Menu data from multiple sources (POS systems, aggregators, manual entry) inevitably contains duplicates. "Chicken Biryani", "Chiken Biryani", and "Murgh Biryani" are all the same dish. This guide walks through the full dedup pipeline.

See the POST /dedup API reference for the full request/response schema. Try it live in the playground →

How it works

Load your menu data (CSV, database export, POS feed)
Send all items to POST /dedup
The API clusters duplicates and picks a canonical name per cluster
Update your database with canonical references

Full example

import requests
import csv

API_KEY = "YOUR_KEY"
BASE = "https://dish-embed.latimal.com"
headers = {"X-API-Key": API_KEY, "Content-Type": "application/json"}

# Load menu from CSV
with open("menu.csv") as f:
    items = [row["item_name"] for row in csv.DictReader(f)]

# Deduplicate
resp = requests.post(f"{BASE}/dedup", headers=headers, json={"items": items})
data = resp.json()

print(f"Found {len(data['clusters'])} duplicate groups")
print(f"{data['duplicate_items']} excess items to remove")

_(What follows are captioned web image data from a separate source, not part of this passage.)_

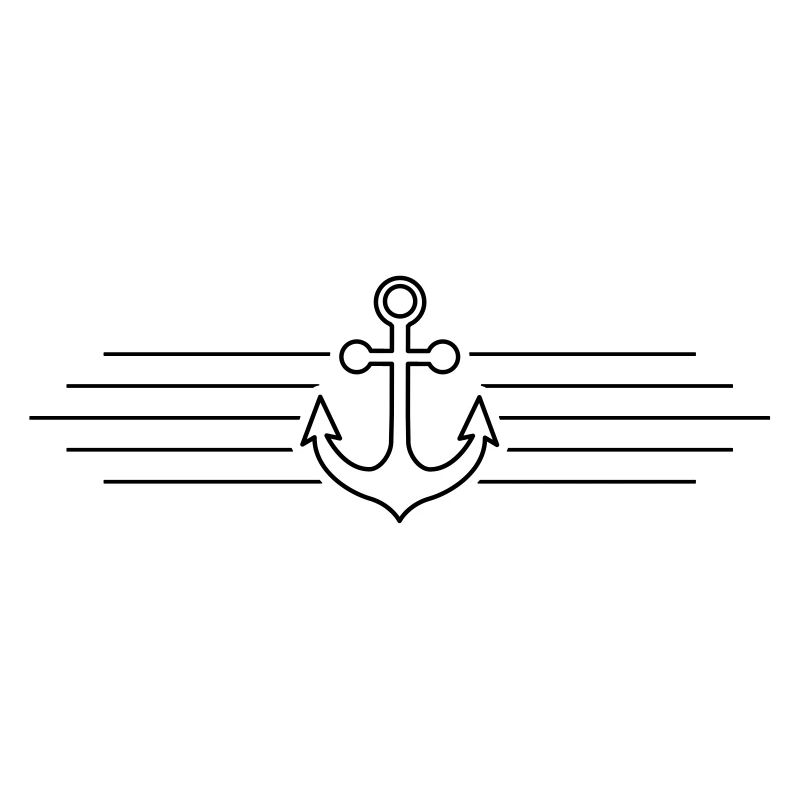 Anker symbol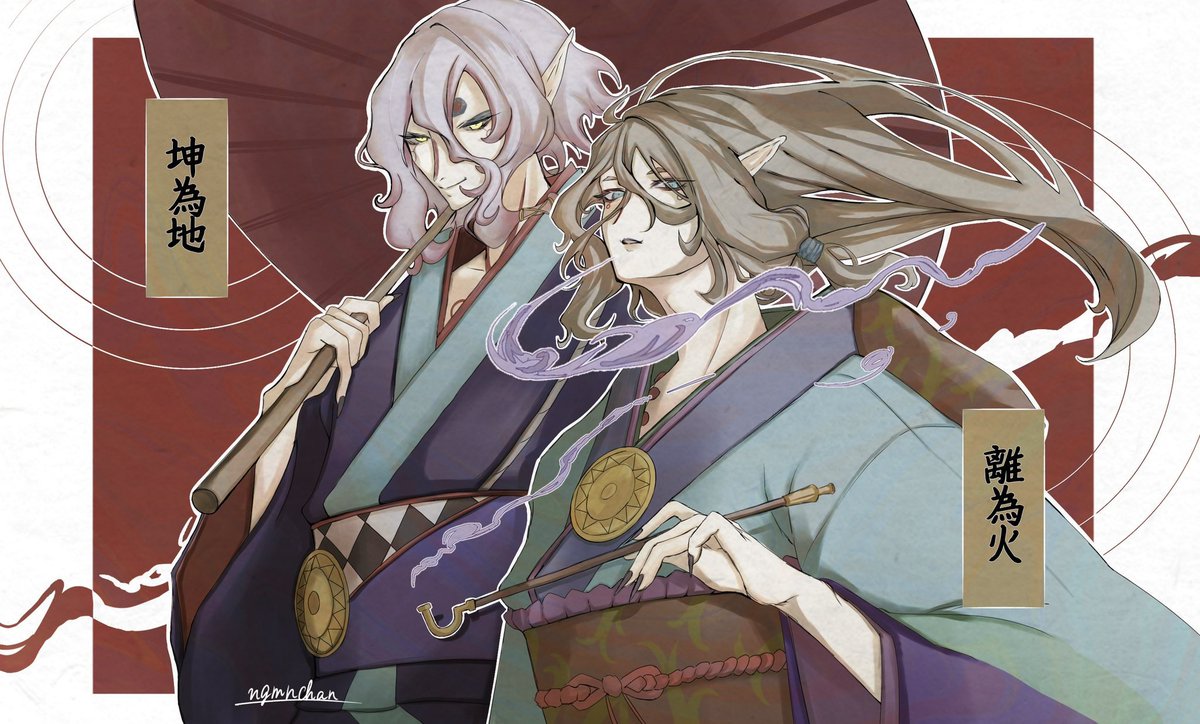 #引用RTで絵をあげて5人指名してバトンでお気に入りの絵を載せる 

かぶさんからバトン頂きました、ありがとうございます🫶🏻︎🫧
お気に入りはこの4枚です〜！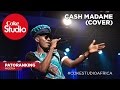 Patoranking: Cash Madame (Cover) – Coke Studio Africa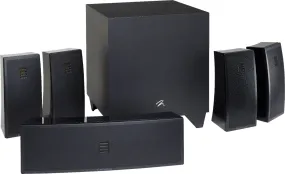 Martin Logan Motion 5.1 Home Theater Speaker System Open Box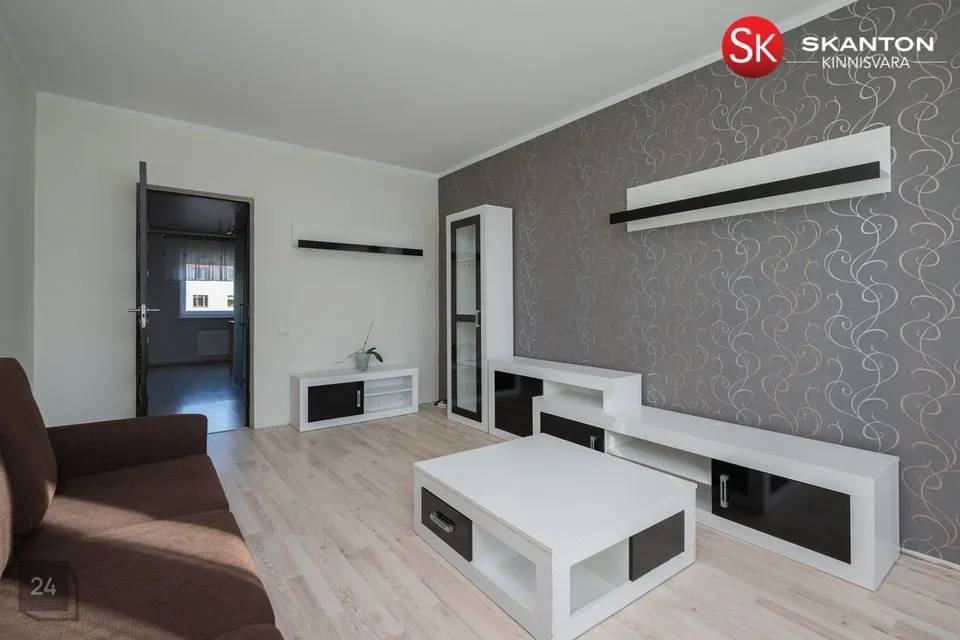 2-toaline Korter - Tartu linn, Haage küla - foto 2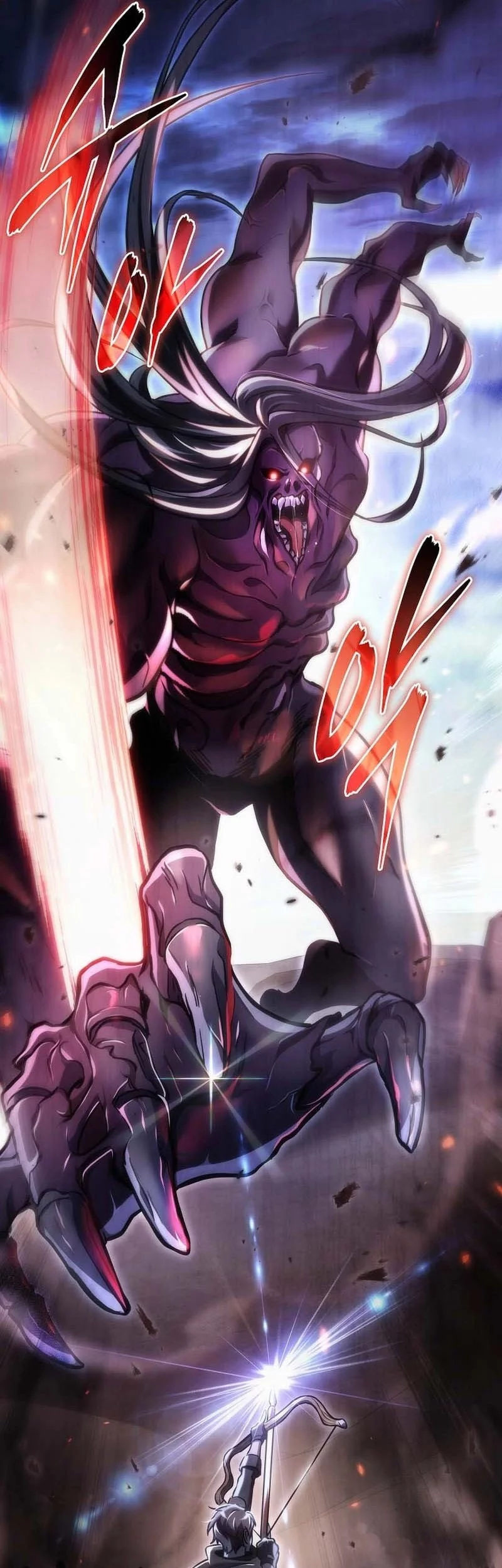 Genius Blacksmith’s Game Chapter 14 Gambar 18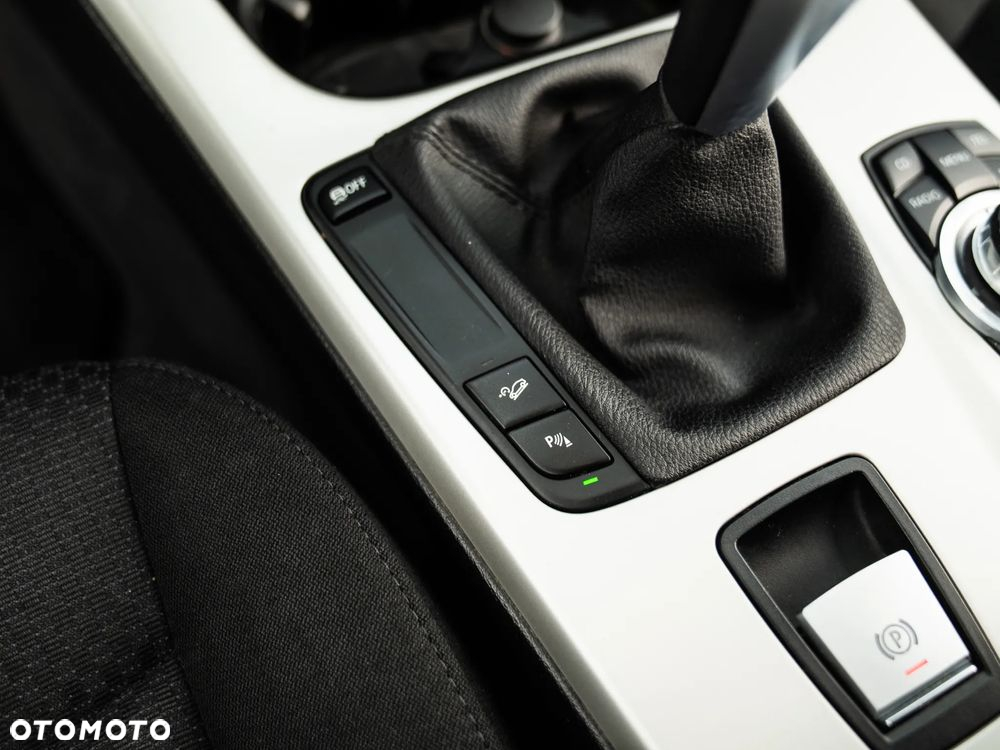 BMW X3 xDrive20d - 32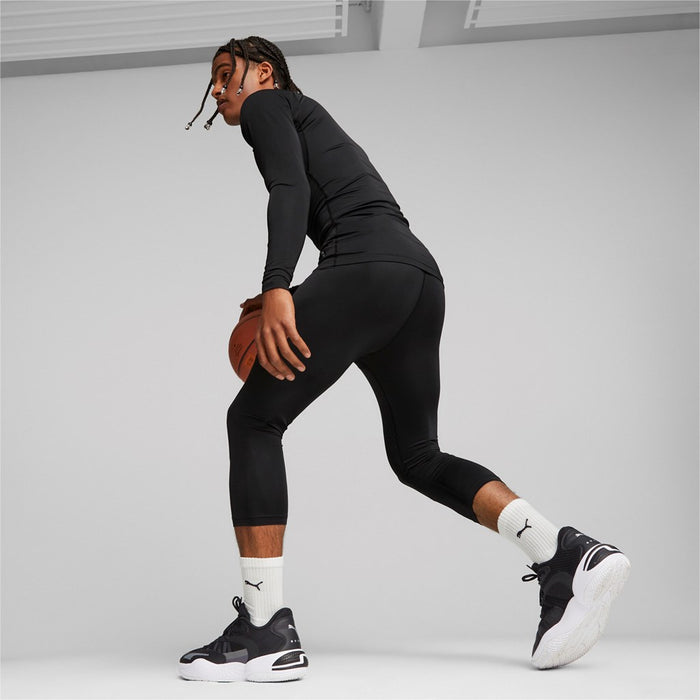 PUMA Hoops Team 3/4 Baselayer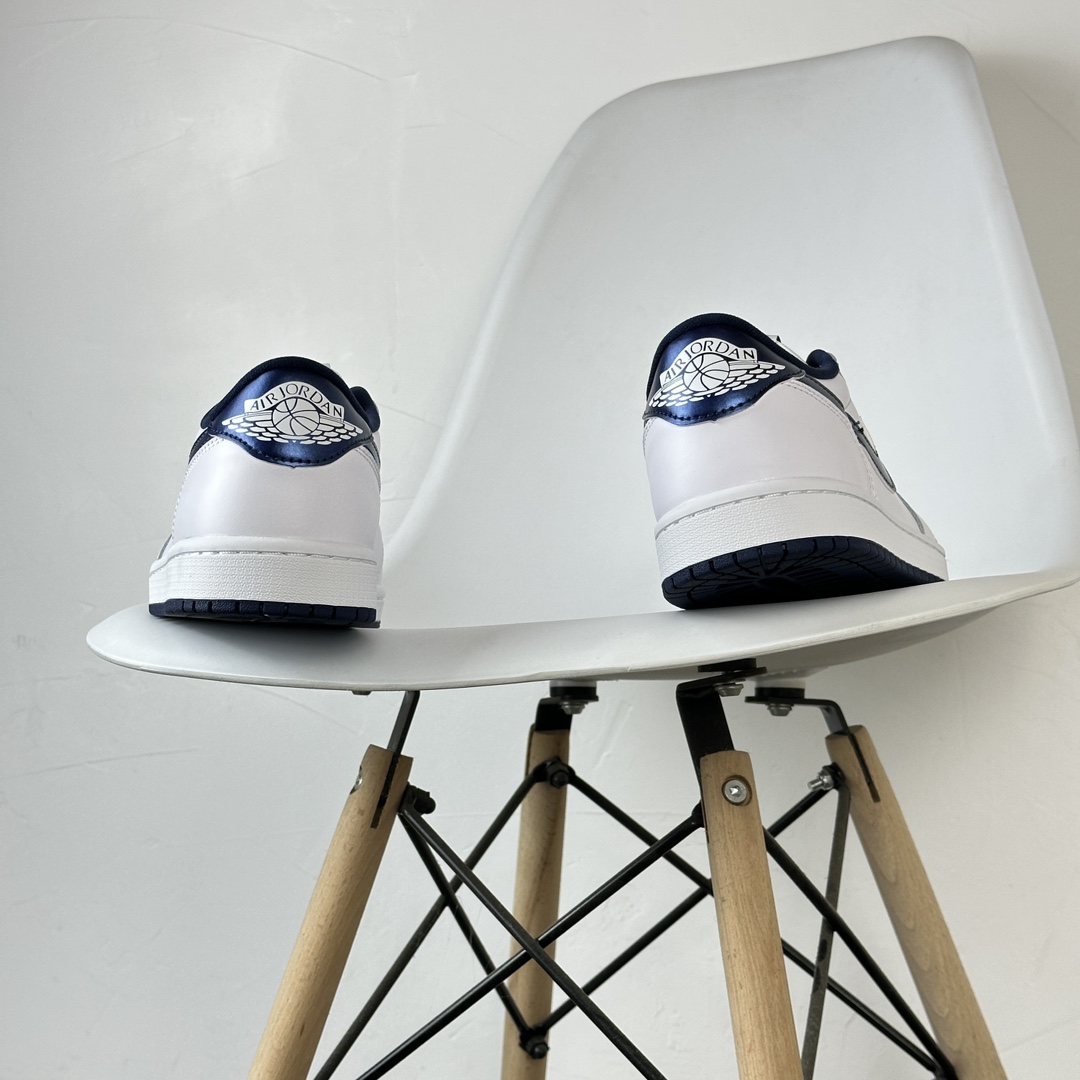 Air Jordan 1 Low 85 (1:1)_img_5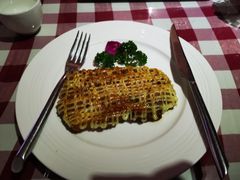 -邓丽君音乐主题餐厅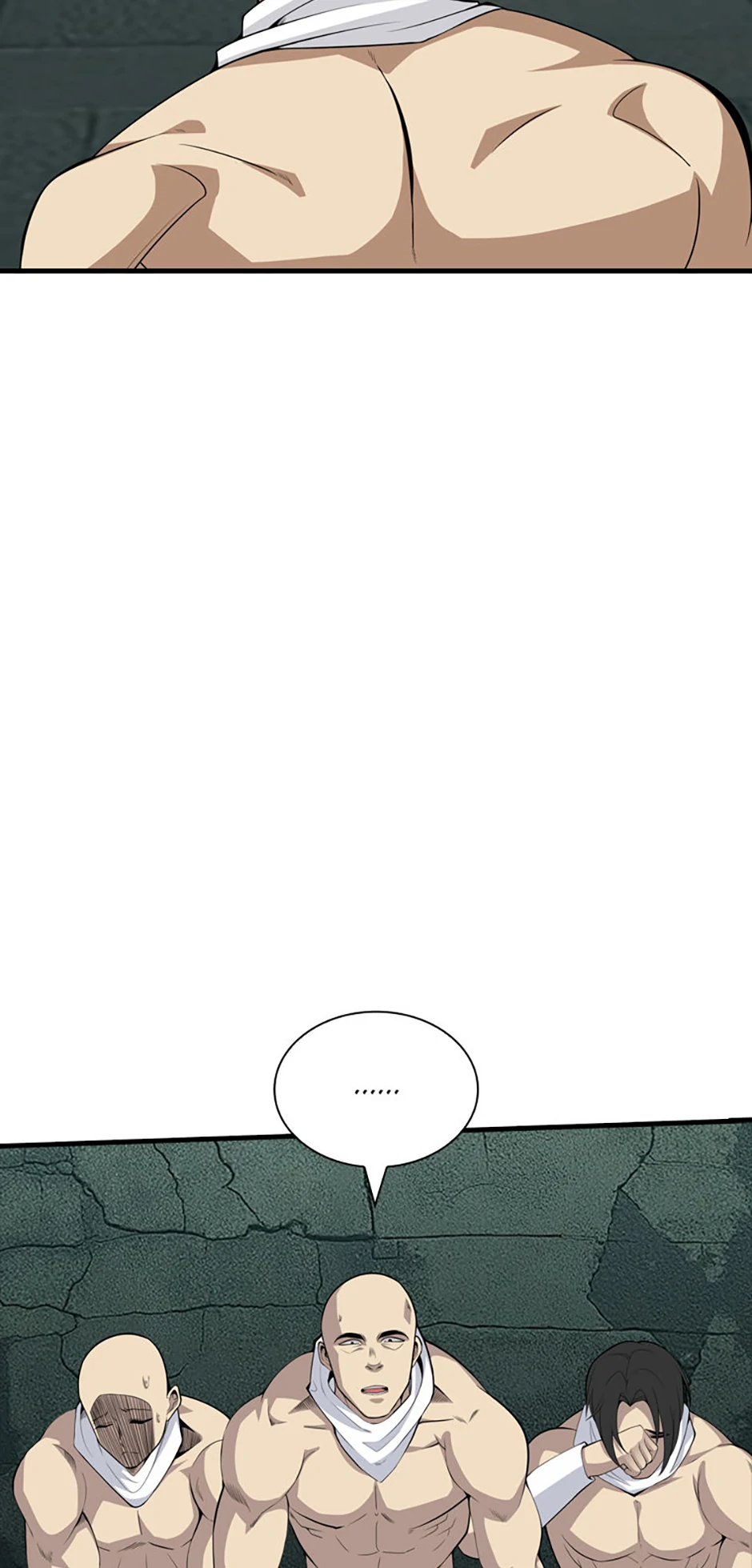 My 1.5-Billion-Won Item Chapter 80 - Page 35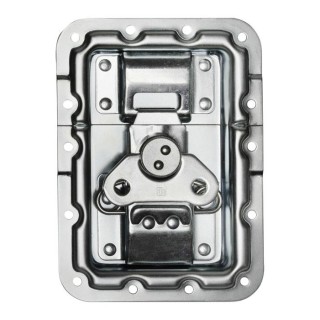 Adam Hall - 172573 - Lock for racks | Z-Bombilla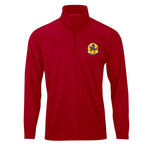 125th Fighter Squadron — Red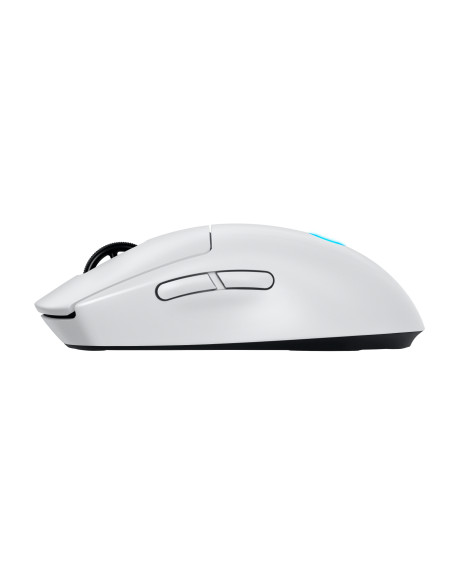 Logitech G Pro 2 Lightspeed White Wireless Mouse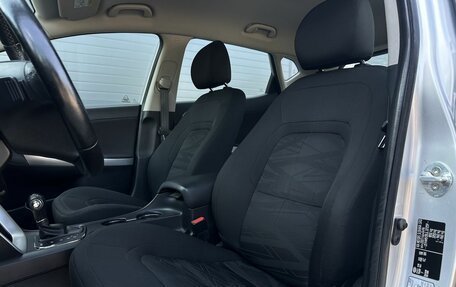 KIA cee'd III, 2017 год, 1 499 000 рублей, 12 фотография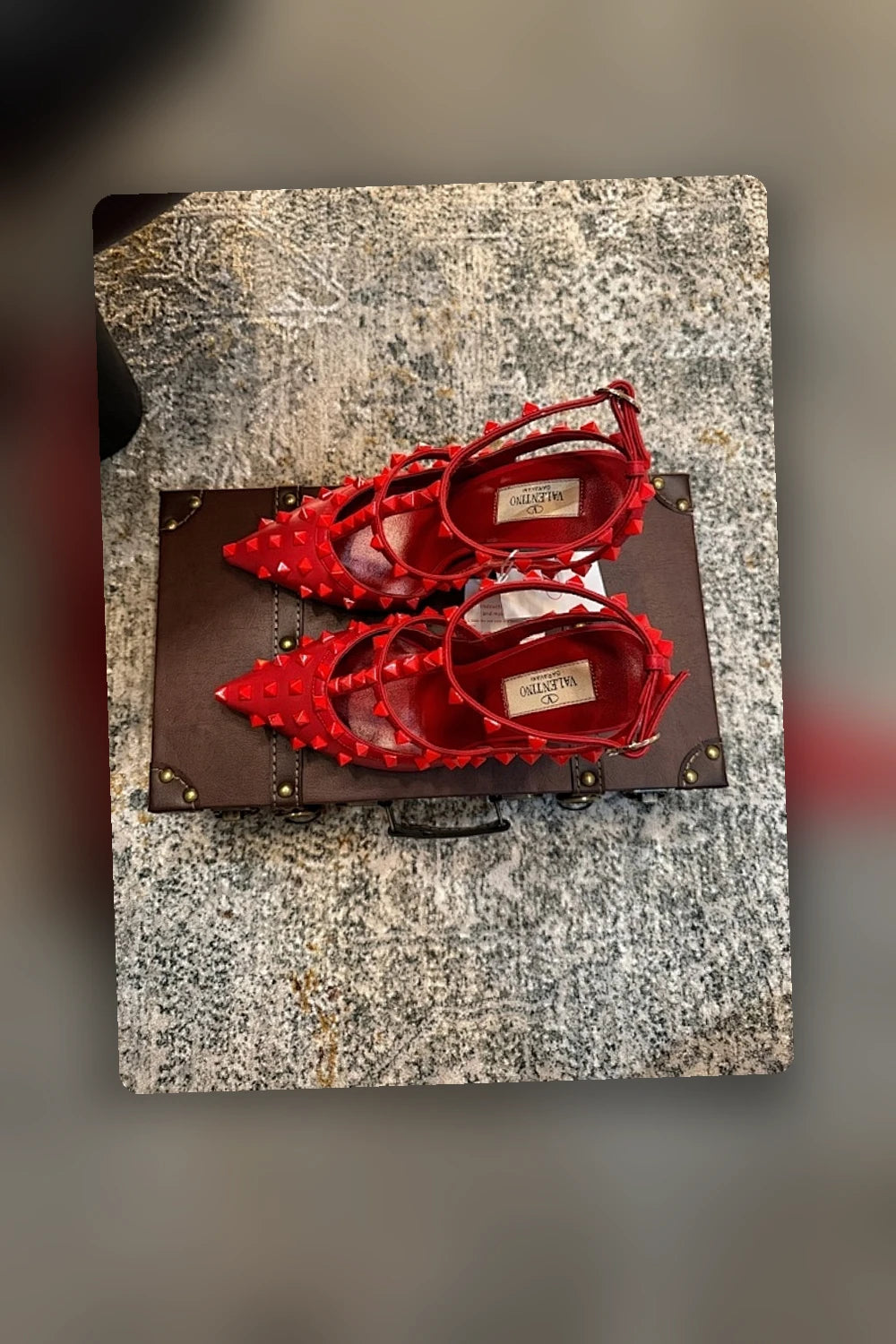 NB - VEL Women Shoes - 830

for cluster in data["clusters"]:
    print(f"\nCanonical: {cluster['canonical']}")
    print(f"  Duplicates: {', '.join(m for m in cluster['members'] if m != cluster['canonical'])}")

Handling large menus

The /dedup endpoint accepts up to 2,000 items per request. For larger menus, chunk your data:

def dedup_chunked(items, chunk_size=2000):
    all_clusters = []
    for i in range(0, len(items), chunk_size):
        chunk = items[i:i + chunk_size]
        resp = requests.post(f"{BASE}/dedup", headers=headers, json={"items": chunk})
        all_clusters.extend(resp.json()["clusters"])
    return all_clusters

Note that cross-chunk duplicates won't be caught. If you have more than 2,000 items, consider running /match on suspected pairs across chunk boundaries.

Threshold tuning

The default threshold works well for most menus. You can adjust it with the cosine_threshold parameter:

0.80 - Aggressive dedup. Catches more duplicates but may merge similar-but-different items (e.g., "Latte" and "Mocha").
0.85 - Default. Good balance of precision and recall.
0.90 - Conservative. Only merges near-identical items. Use this if false merges are costly.

resp = requests.post(f"{BASE}/dedup", headers=headers,
    json={"items": items, "cosine_threshold": 0.80})

Tips

Send raw menu text as-is. The API handles noise stripping and spelling normalization internally.
The canonical name in each cluster is the cleanest, most complete form. Use it as your display name.
Run dedup after every menu import, not just once. New data sources introduce new duplicates.
Dietary conflicts (e.g., "Chicken Burger" vs "Veg Burger") are never merged, regardless of threshold.